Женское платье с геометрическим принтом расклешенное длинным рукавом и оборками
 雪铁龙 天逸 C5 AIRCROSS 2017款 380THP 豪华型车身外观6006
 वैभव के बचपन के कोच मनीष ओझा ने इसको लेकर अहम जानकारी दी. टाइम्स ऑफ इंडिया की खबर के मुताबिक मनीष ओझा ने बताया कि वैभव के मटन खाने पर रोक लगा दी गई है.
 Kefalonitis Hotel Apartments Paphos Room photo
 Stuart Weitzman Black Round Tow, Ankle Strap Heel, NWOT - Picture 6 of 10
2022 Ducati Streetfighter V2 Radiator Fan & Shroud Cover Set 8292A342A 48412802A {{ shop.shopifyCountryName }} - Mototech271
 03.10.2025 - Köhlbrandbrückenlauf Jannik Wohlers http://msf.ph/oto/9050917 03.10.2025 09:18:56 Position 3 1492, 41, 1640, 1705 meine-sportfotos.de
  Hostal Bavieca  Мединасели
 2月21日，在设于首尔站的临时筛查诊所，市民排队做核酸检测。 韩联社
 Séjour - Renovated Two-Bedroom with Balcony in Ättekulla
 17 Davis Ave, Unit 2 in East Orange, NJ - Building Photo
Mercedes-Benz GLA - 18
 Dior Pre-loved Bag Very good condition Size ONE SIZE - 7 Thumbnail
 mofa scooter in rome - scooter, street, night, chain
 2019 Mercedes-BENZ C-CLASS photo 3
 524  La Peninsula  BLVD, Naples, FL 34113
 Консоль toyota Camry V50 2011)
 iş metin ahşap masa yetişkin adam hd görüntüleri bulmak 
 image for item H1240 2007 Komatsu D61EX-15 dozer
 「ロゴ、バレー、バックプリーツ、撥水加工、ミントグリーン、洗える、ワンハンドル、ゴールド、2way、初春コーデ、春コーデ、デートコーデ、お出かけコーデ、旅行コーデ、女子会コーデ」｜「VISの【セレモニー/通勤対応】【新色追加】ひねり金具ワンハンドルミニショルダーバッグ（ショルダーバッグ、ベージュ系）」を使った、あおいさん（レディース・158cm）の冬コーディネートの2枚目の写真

========

*What to produce*.
Set the data above down again in full, exactly as it reads.

*Task response*.
Женское платье с геометрическим принтом расклешенное длинным рукавом и оборками
 雪铁龙 天逸 C5 AIRCROSS 2017款 380THP 豪华型车身外观6006
 वैभव के बचपन के कोच मनीष ओझा ने इसको लेकर अहम जानकारी दी. टाइम्स ऑफ इंडिया की खबर के मुताबिक मनीष ओझा ने बताया कि वैभव के मटन खाने पर रोक लगा दी गई है.
 Kefalonitis Hotel Apartments Paphos Room photo
 Stuart Weitzman Black Round Tow, Ankle Strap Heel, NWOT - Picture 6 of 10
2022 Ducati Streetfighter V2 Radiator Fan & Shroud Cover Set 8292A342A 48412802A {{ shop.shopifyCountryName }} - Mototech271
 03.10.2025 - Köhlbrandbrückenlauf Jannik Wohlers http://msf.ph/oto/9050917 03.10.2025 09:18:56 Position 3 1492, 41, 1640, 1705 meine-sportfotos.de
  Hostal Bavieca  Мединасели
 2月21日，在设于首尔站的临时筛查诊所，市民排队做核酸检测。 韩联社
 Séjour - Renovated Two-Bedroom with Balcony in Ättekulla
 17 Davis Ave, Unit 2 in East Orange, NJ - Building Photo
Mercedes-Benz GLA - 18
 Dior Pre-loved Bag Very good condition Size ONE SIZE - 7 Thumbnail
 mofa scooter in rome - scooter, street, night, chain
 2019 Mercedes-BENZ C-CLASS photo 3
 524  La Peninsula  BLVD, Naples, FL 34113
 Консоль toyota Camry V50 2011)
 iş metin ahşap masa yetişkin adam hd görüntüleri bulmak 
 image for item H1240 2007 Komatsu D61EX-15 dozer
 「ロゴ、バレー、バックプリーツ、撥水加工、ミントグリーン、洗える、ワンハンドル、ゴールド、2way、初春コーデ、春コーデ、デートコーデ、お出かけコーデ、旅行コーデ、女子会コーデ」｜「VISの【セレモニー/通勤対応】【新色追加】ひねり金具ワンハンドルミニショルダーバッグ（ショルダーバッグ、ベージュ系）」を使った、あおいさん（レディース・158cm）の冬コーディネートの2枚目の写真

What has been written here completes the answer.